"List seven songs you are into right now. No matter what the genre, whether they have words, or even if they’re not any good, but they must be songs you’re really enjoying now, shaping your spring. Post these instructions in your blog along with your 7 songs. Then tag 7 other people to see what they’re listening to."
It's moving into Winter here at present, which might be influencing some of the songs resonating below.
1 Laughing Clowns: Theme from Mad flies, Mad Flies
Laughing Clowns arose from the ashes of The Saints who were always, it's reported, pissed off that their antipodean providence had punters mistaking them for followers rather than timely co-creators in the punk take-off of 1976. While Chris Bailey, in the words of Simon Reynolds from blissblog, had one of the best fucked-up and fucked-off rock voices, guitarist Ed Keupper had a way with direct riffs and sonic snarls that suited the band in its early incarnation. The instrumental trajectory of the Saints sets up the direction that Kuepper's post- saints outfit, The Laughing Clowns, moved into: a sort of jazz-punk fusion that Iggy Pop might have dreamt of.
The loss of Bailey's voice and persona is noticable in this recording, but, I think, more than compensated for by the stunning drumming of Jeffrey Wegener.
Who cares what Kuepper is singing-slurring here - it's the other instruments that carry a sense of being on the edge of something driving and, dare I say it for post-punk like this, fun. The sharp horn riffs catch, and the driving double-bass figure that introduces the piece still sounds crisp, woody and dynamic.
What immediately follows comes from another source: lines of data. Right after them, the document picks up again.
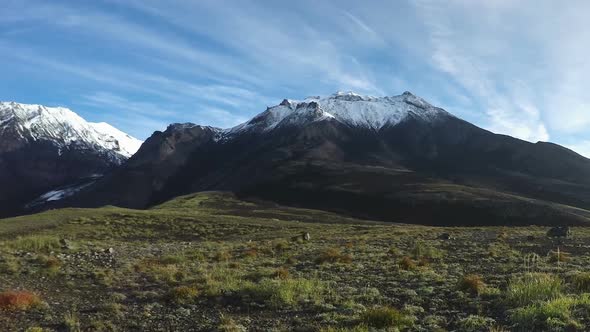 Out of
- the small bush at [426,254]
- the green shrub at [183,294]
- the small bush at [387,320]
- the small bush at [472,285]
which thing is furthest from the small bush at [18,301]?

Kuepper's guitar opens rather than clouds passages here, moving from single-note rhythms to expansive slashes. But it's Wegener's drums that made the Clowns: here his brushes seem to be tap-dancing on the snare.
This tune's got songcraft with a coda snapping the conclusion to attention. A song, for me at the time, about the possibilities of rock's dialogues with the dirtier side of jazz-based rhythms.
[Link here - audio only]
2 Portishead: Strangers
I was a fairly late-comer to Portishead and to the sort of chemical epiphanies that might have made their appeal more immediately apparent. Beth Gibbons does the job, but it's the reverbating spaces in the arrangement and the way that the breezy cocktail bar guitar-vocal duet gets almost seamlessly pummelled by heavy drums and digital squawk, that I'm fond of at the moment. Great dynamics.
Live version from 1998 @ NYC with orchestra- Youtube
3 Low and Dirty Three: Down by the River (2001)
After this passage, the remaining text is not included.